**Given material**
######

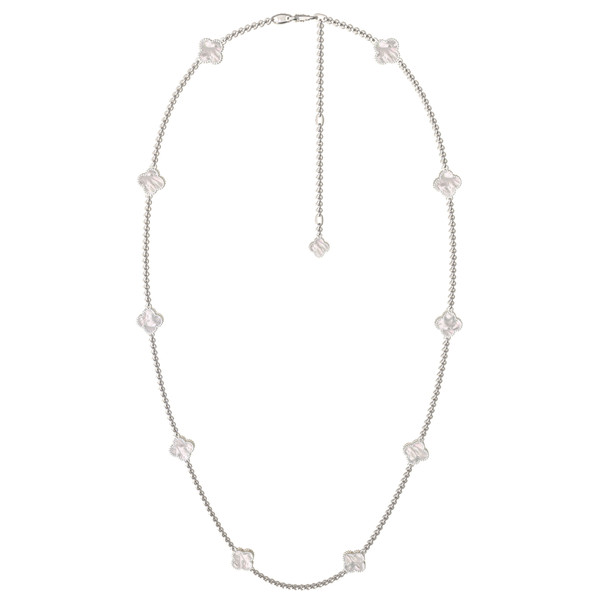 Колье из белого золота c перламутром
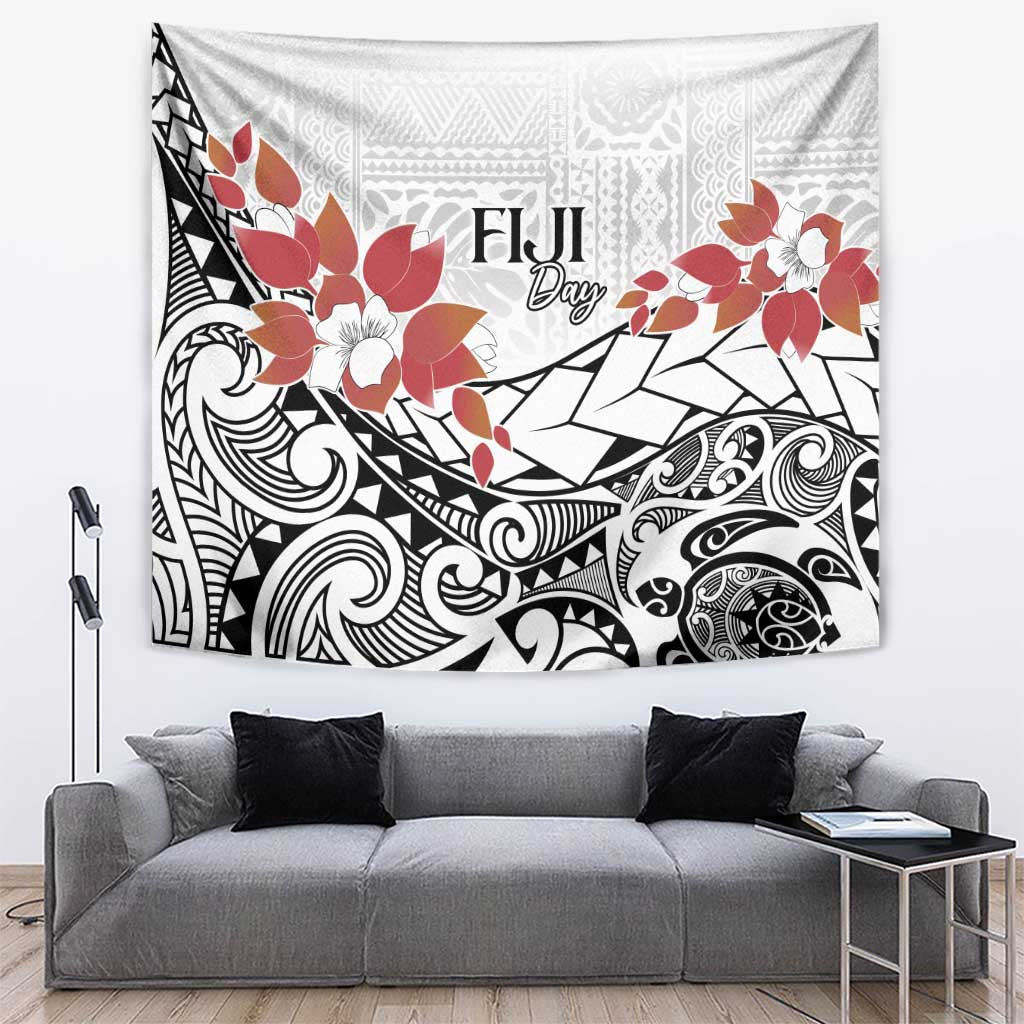 Bula Fiji Day Tapestry Tagimaucia on Masi Pattern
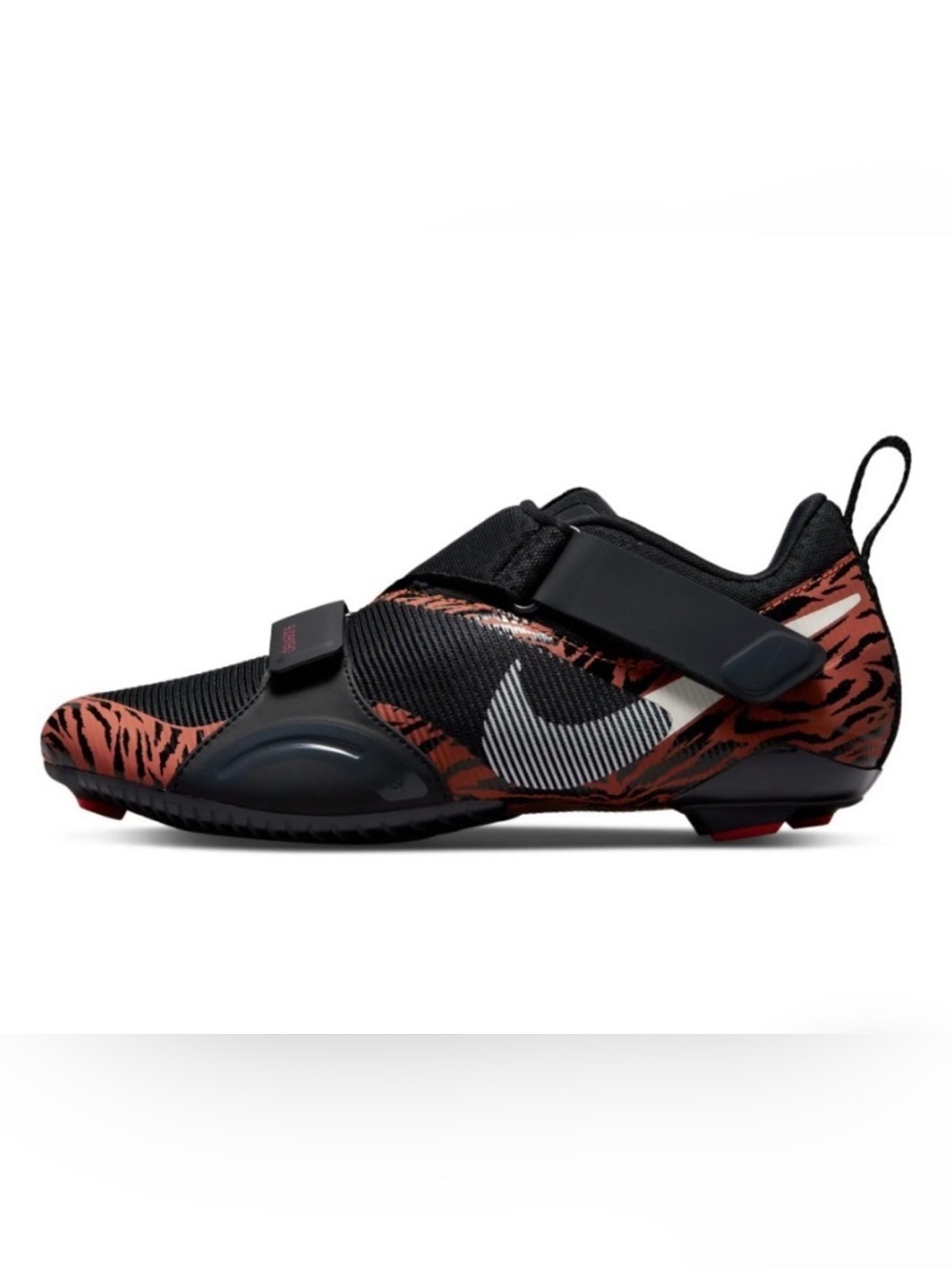 Nike NWOT Black Orange Superrep Cycling Shoes Tiger Stripe Velcro Active Fit 7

######

**Brief**
Exclude every picture and copy the remaining data exactly.

**Written solution**
 Колье из белого золота c перламутром
 Bula Fiji Day Tapestry Tagimaucia on Masi Pattern
 Nike NWOT Black Orange Superrep Cycling Shoes Tiger Stripe Velcro Active Fit 7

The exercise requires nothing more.